Back stateside, Marty finds himself getting into more classical Safdie hijinks with his friend Wally, (Tyler Okonma) and girlfriend Rachel, in the natures of debt and personal affairs. Compared to the rest of the film, these portions are more frustrating, and intentionally so, with more complicated and stress-inducing situations at play. Nonetheless,  A’Zion and newcomer Okonma bring their A-games, adapting to these more chaotic, volatile situations. 

At its core, Marty Supreme is just a marvel. For a film so concerned with greatness, it lives up to its aspirations, and then some, packing bold swings galore, and even if their hit ratio may vary, they all still hit in some way. Though the film will rightly be lauded for its explosiveness and kineticism, it still ostensibly emerges as Josh Safdie’s thoughtful and consious film. Make no mistake, the film still works as an explosive thrill ride, filled with adrenaline inducing set-pieces and a series of successful stunt castings, but that’s not all there is to it. As much as the film can be read as a story about artistic or athletic greatness, it does so in such a carefully constructed way, one that doesn’t gloss over the unfavourable lengths Mauser must go to on the road to greatness. As bold as the film is formatively and visually, (going so far as to directly homage Spike Lee’s controversial She Hate Me), it does not lack this boldness in narrative. It’s also unafraid to challenge, and even oppose Marty’s idea of greatness at times, with an underlying current of its toll on both the financial and emotional aspects of Mauser’s life. Its unconventional veers into more uncomfortable, interrogative territory could easily have passed as edgy or unneeded, but are handled with such a deftness and radius of relevance to the larger thematic undertakings.

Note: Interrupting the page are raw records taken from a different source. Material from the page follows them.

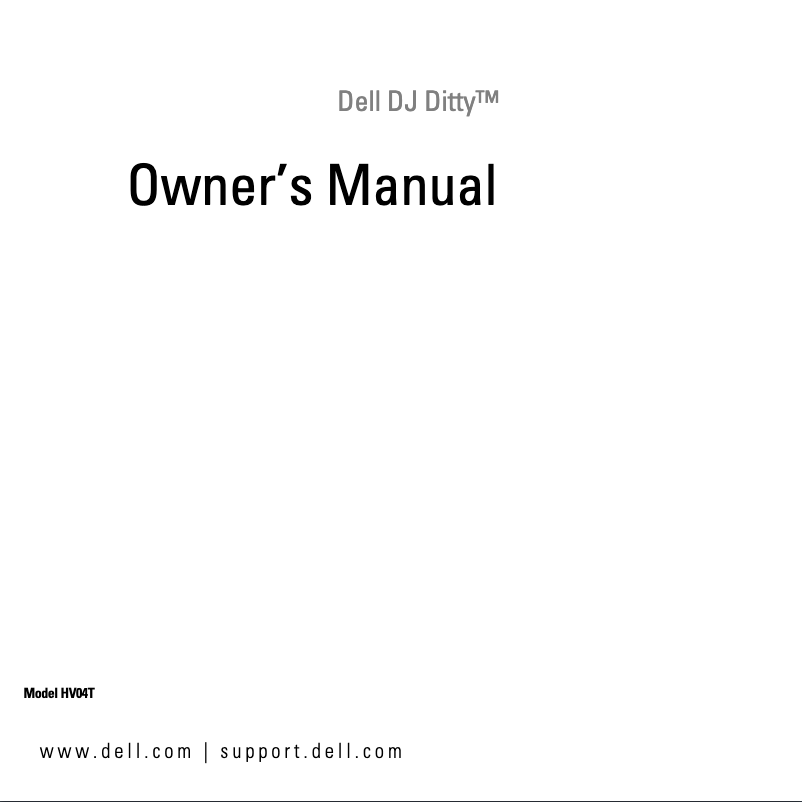 Page 1 de la notice Manuel utilisateur Dell DJ Ditty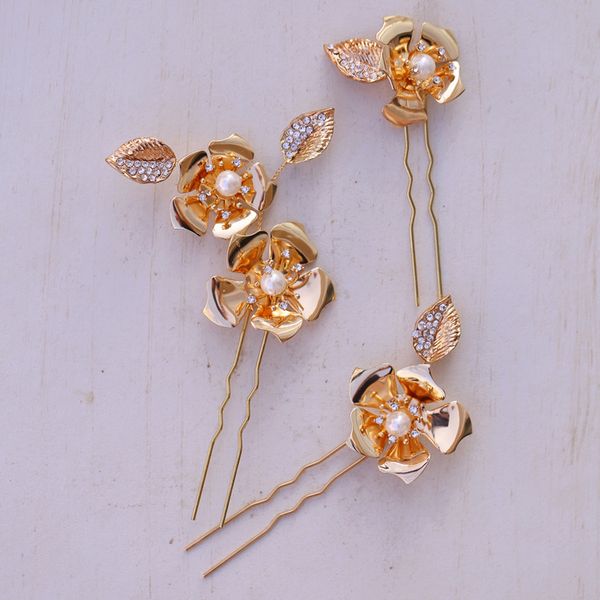 

vintage flower floral hairpins crystal pearl hair pin clips bridesmaids headpieces bride wedding hair accessories bridal jewelry, Golden;white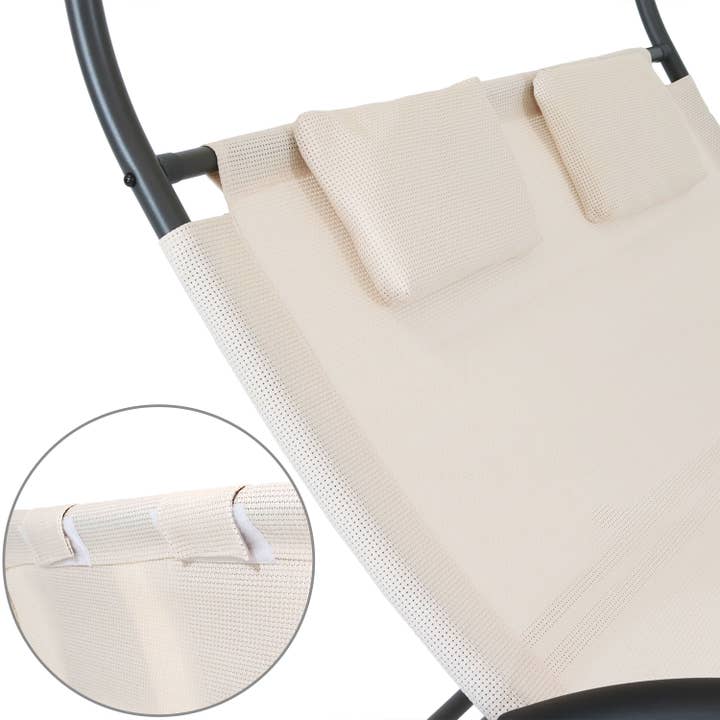 Sunnydaze Decor - Wholesale Chaise Lounge - Double Chaise Lounge with Canopy and Pillows - Beige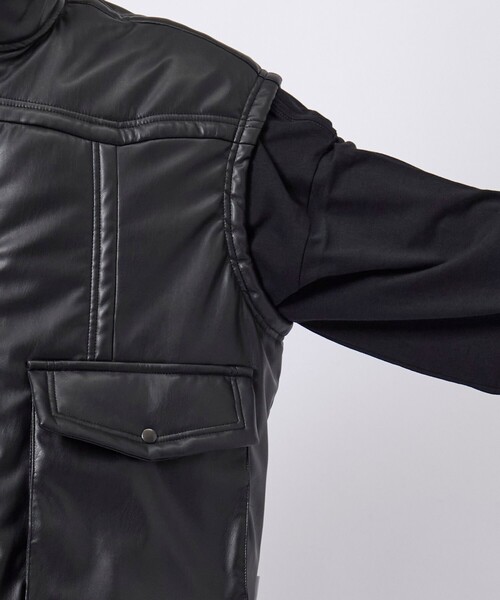 BASICKS（ベイシックス）の「【BASICKS/ベイシックス】Patted Faux Leather Vest（ベスト・メンズ・ブラック・M）」の7枚目の写真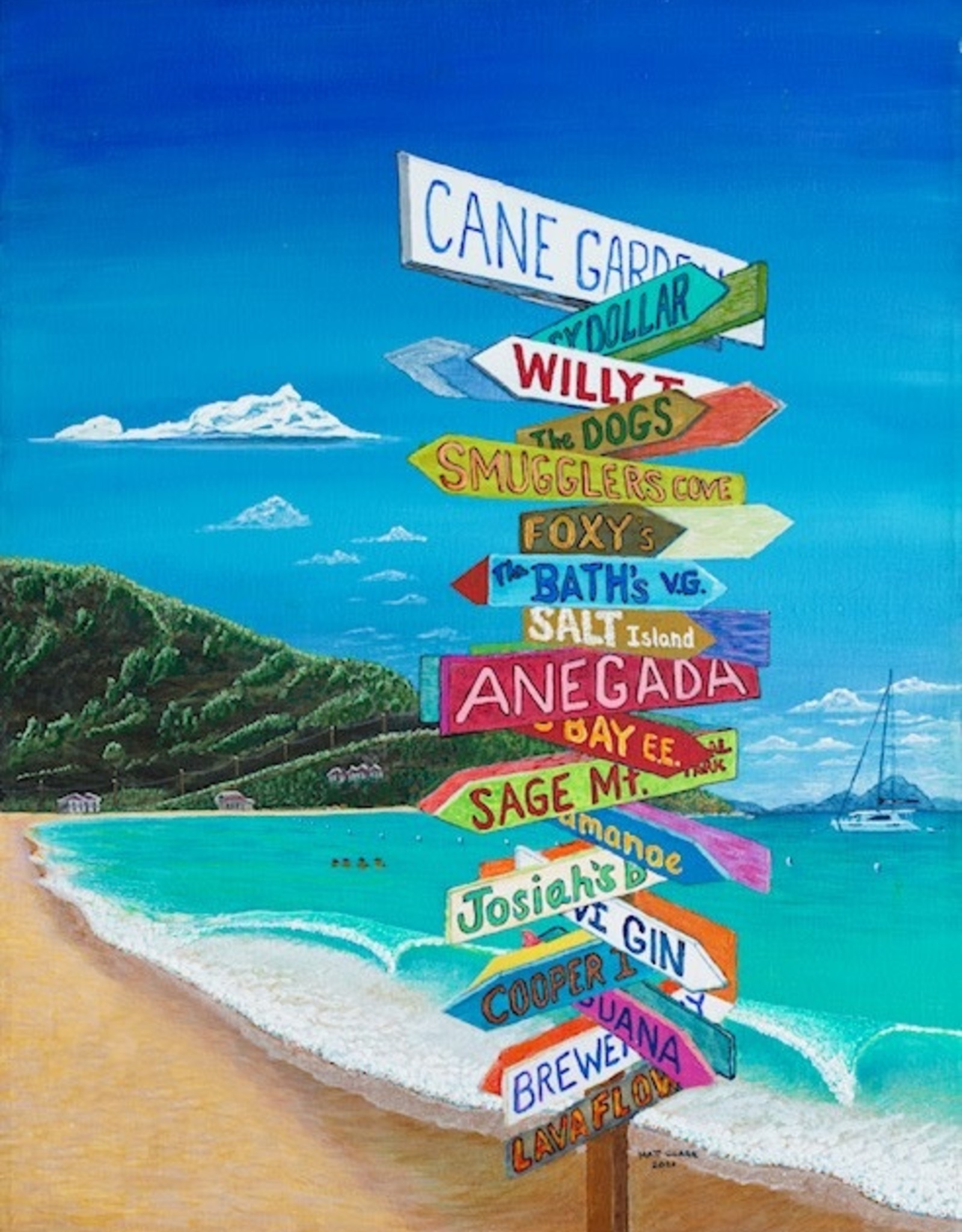 Matt Clark Art Print Giclee - Matt Clark "Paradise - Cane Garden Bay"  Medium 8.5" x 11.5"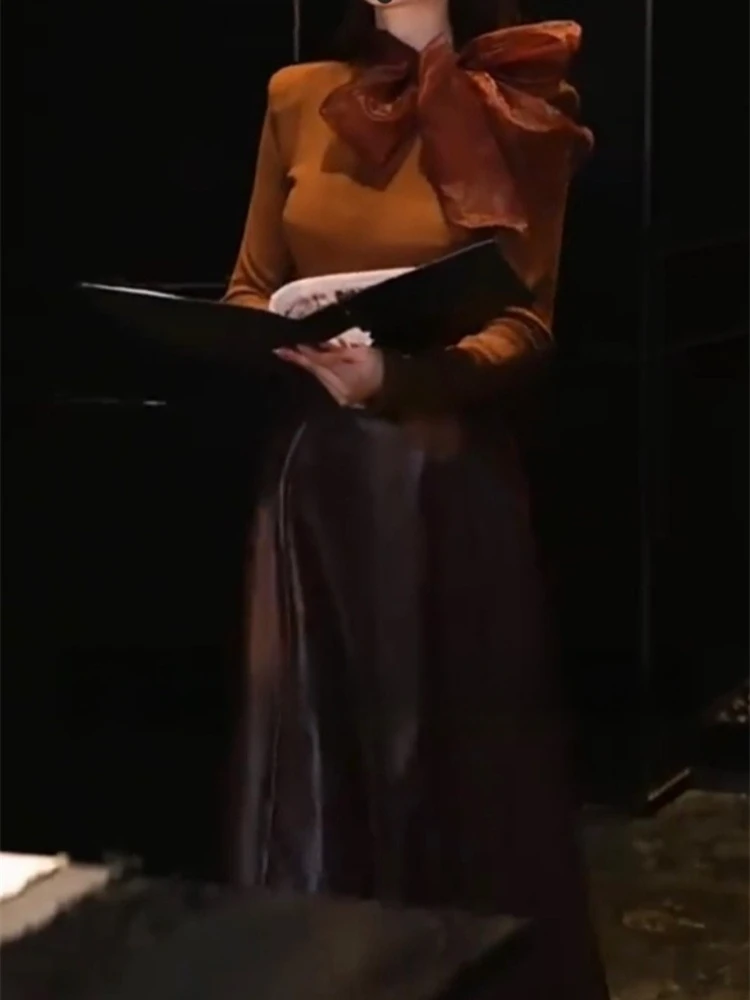 Tempérament élégant deux pièces ensemble femmes automne nouveau minceur pull + à lacets demi-jupe haut de gamme Design sens ensemble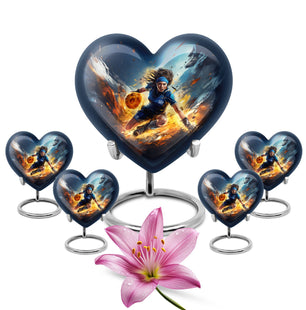 Heart Shape Football Urn Large Urn With 4 Keepsake Urn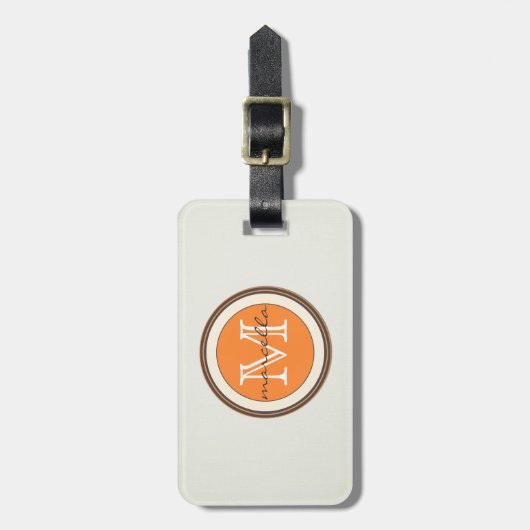 Geptextureerd Oranje monogram crèmeachtergrond Bagagelabel (Voorkant verticaal)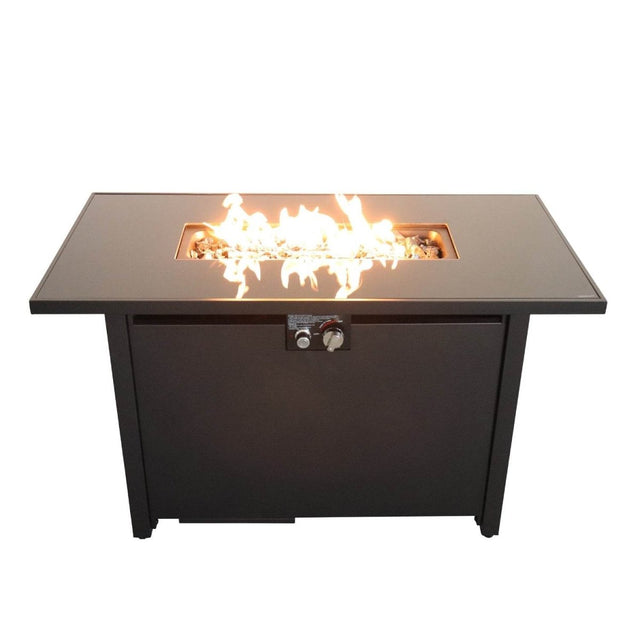 Modern Steel Outdoor Propane Fire Pit Table With Lid - Omega Lifestyles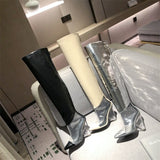 MStacchi Women Winter Transparent Over the Knee Boots Woman Pointed Toe 12CM Crystal High Heel Pump Fashion Silver Ladies Boots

All of this succeeds due to how well Safdie is able to use several different pastiches, and effortlessly blend them together into something so distinct and gripping.  At once the crossroads of two major talents at the peak of their respective powers in Safdie and Chalamet, and a distinctly new kind of American epic, Marty Supreme will rightfully be showered with its fair share of superlatives, and is as good a bastion as American cinema could get for the message of dreaming big. 

GRADE: [A]

‘Marty supreme’ opens in cinemas worldwide on christmas day.